# Explaining Distribution Shifts in Time using Random Forests and t-SNE on Fashion-MNIST

In this Python notebook, we use machine learning techniques to explain a distribution shift in a time series. Specifically, we aim to identify which data points are specific to the time before or after the distribution shift, as well as which data points are distributed independently of time.

To achieve this goal, we train a random forest (RF) model on the Fashion-MNIST dataset, which consists of images of fashion items. Fashion-MNIST is a classic dataset in machine learning that is often used as a benchmark for image classification and dimensionality reduciton tasks, as it presents a challenging high-dimensional classification problem with various classes to choose from. Its classes are not as easily separated as those of the classic MNIST digit dataset. The random forest model is a versatile and robust model that can handle a wide range of input data and is relatively insensitive to weak data assumptions making it a common choice in stream learning. The model is well-suited to handle the complex and high-dimensional input data, making it a good choice for this machine learning task.

To visualize the results, we use t-SNE to project the high-dimensional data onto a two-dimensional plot. The t-SNE algorithm is used to derive an embedding space from the information that is extracted during the random forest training using ideas from discriminative dimensionality reduction. The plot shows how clusters change before and after the distribution shift, providing insights to better understand the nature of the shift. By visualizing the embedding space, we can see which data points are specific to the time before or after the distribution shift and how the clusters change over time. This information can be used to improve the performance of the random forest model and gain a better understanding of the data.

Furthermore, we showcase the the observed change in the distribution using counterfactual explanation which are based on contrasting similar yet differently classified datapoints.

In [None]:
import numpy as np
import matplotlib.pyplot as plt
from sklearn.datasets import fetch_openml
from sklearn.model_selection import train_test_split
from sklearn.decomposition import PCA
from sklearn.manifold import TSNE
from scipy.sparse.linalg import eigs
from sklearn.ensemble import RandomForestRegressor, RandomForestClassifier, ExtraTreesRegressor, ExtraTreesClassifier
from sklearn.neural_network import MLPClassifier
from sklearn.neighbors import KNeighborsClassifier
from sklearn.cluster import MiniBatchKMeans

## Exploring the Fashion-MNIST Dataset: Mean Images, Similarity Matrix, and t-SNE Visualization

In this part, we explore the Fashion-MNIST dataset using mean images, similarity, and t-SNE. We first compute the mean image for each digit class and use it to compute the similarity between each pair of digit classes.
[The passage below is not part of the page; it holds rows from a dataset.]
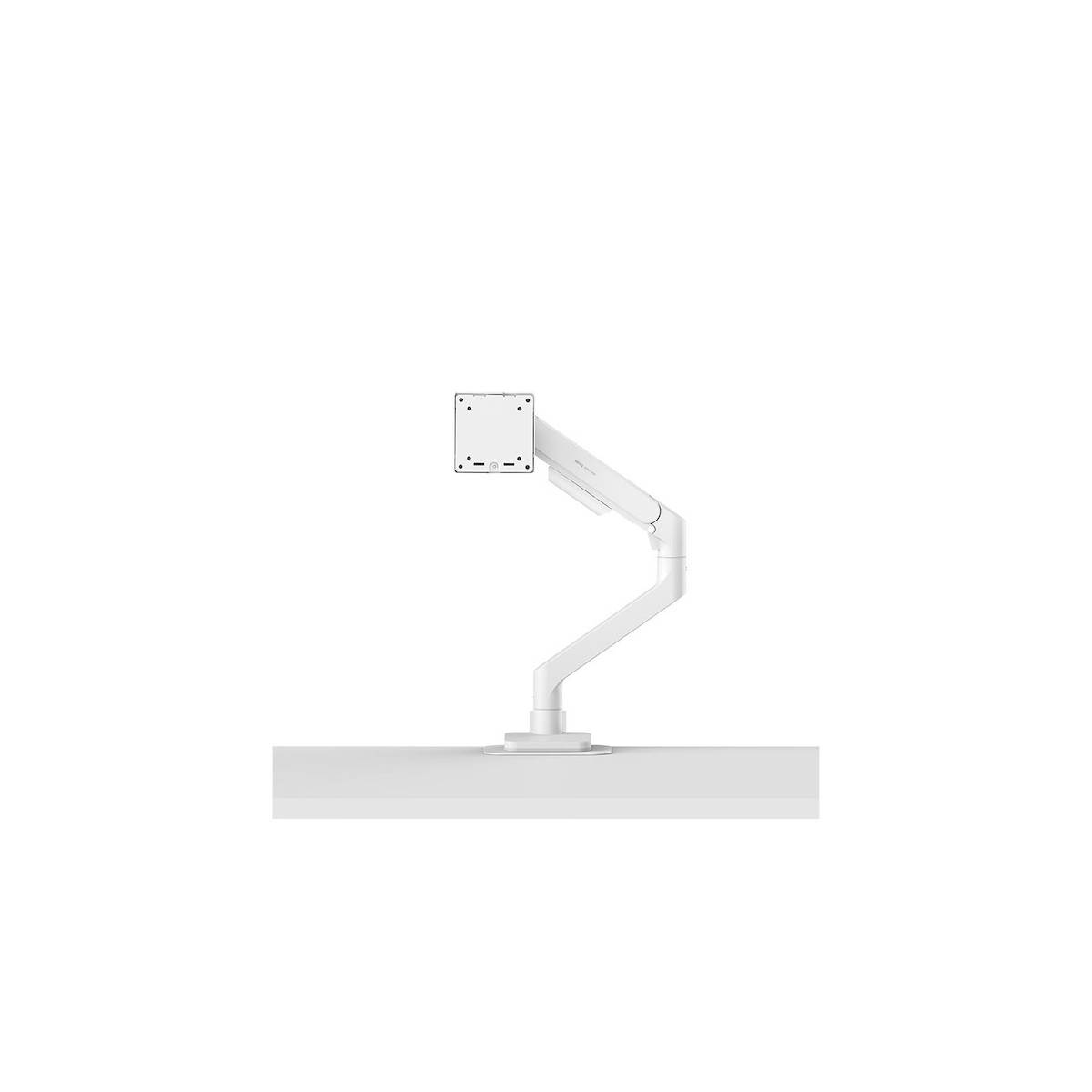 Ein weißer, verstellbarer Monitorarm steht auf einer ebenen Fläche und ist dazu ausgelegt, einen Computerbildschirm zu stützen und zu positionieren.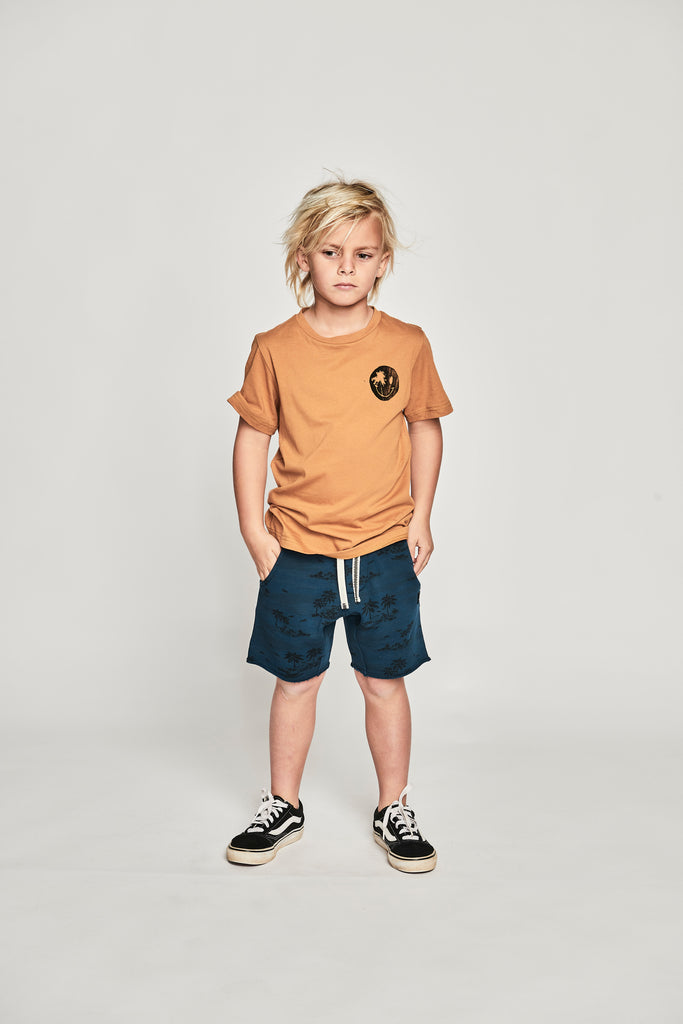 island boy track short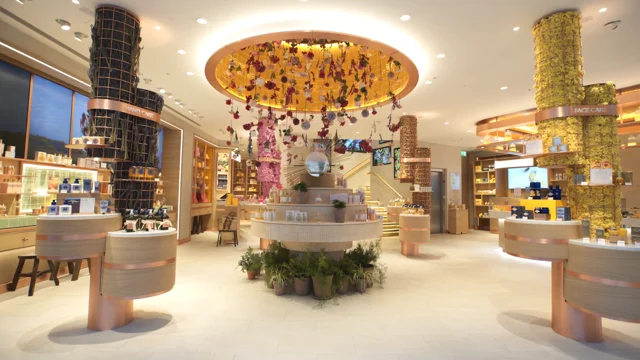 L'OCCITANE's First London Flagship Store by FutureBrand UXUS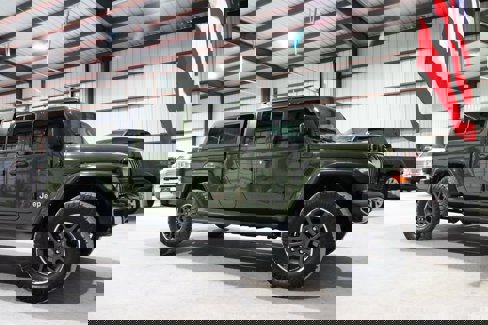 Used 2022 Jeep Gladiator Overland w/ Popular Equipment Package image 13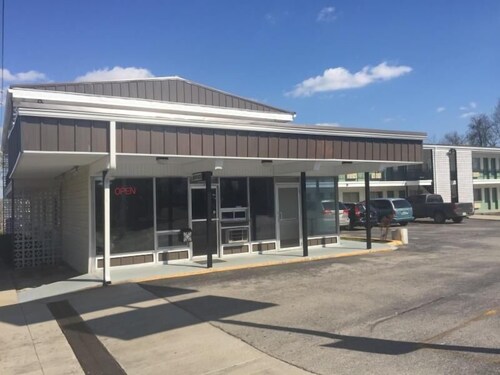 University Lodge Motel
We then visualize the similarity matrix using matplotlib. Finally, we use t-SNE to project the high-dimensional data onto a two-dimensional space, which allows us to visualize the dataset and gain insights into its structure.

In [None]:
print('Downloading the dataset...')
mnist = fetch_openml('Fashion-MNIST')#, parser='auto')
print('Download complete.')

labels = ['T-shirt/top', 'Trouser', 'Pullover', 'Dress', 'Coat','Sandal', 'Shirt', 'Sneaker', 'Bag', 'Ankle boot']

# Store the dataset in an appropriate format
X = np.array(mnist.data).reshape((-1, 28, 28))
y = np.array(mnist.target).astype(int)

In [None]:
# Create an empty numpy array to store the mean images for each label
Xmean = np.zeros((len(set(y)), 28, 28))

# Iterate over each label in the dataset
for i in set(y):
    # Compute the mean image for the current label
    Xmean[i] = X[y == i].mean(axis=0)
    
# Create a figure with two rows and five columns to plot class means
fig, axs = plt.subplots(nrows=2, ncols=5, figsize=(10, 3))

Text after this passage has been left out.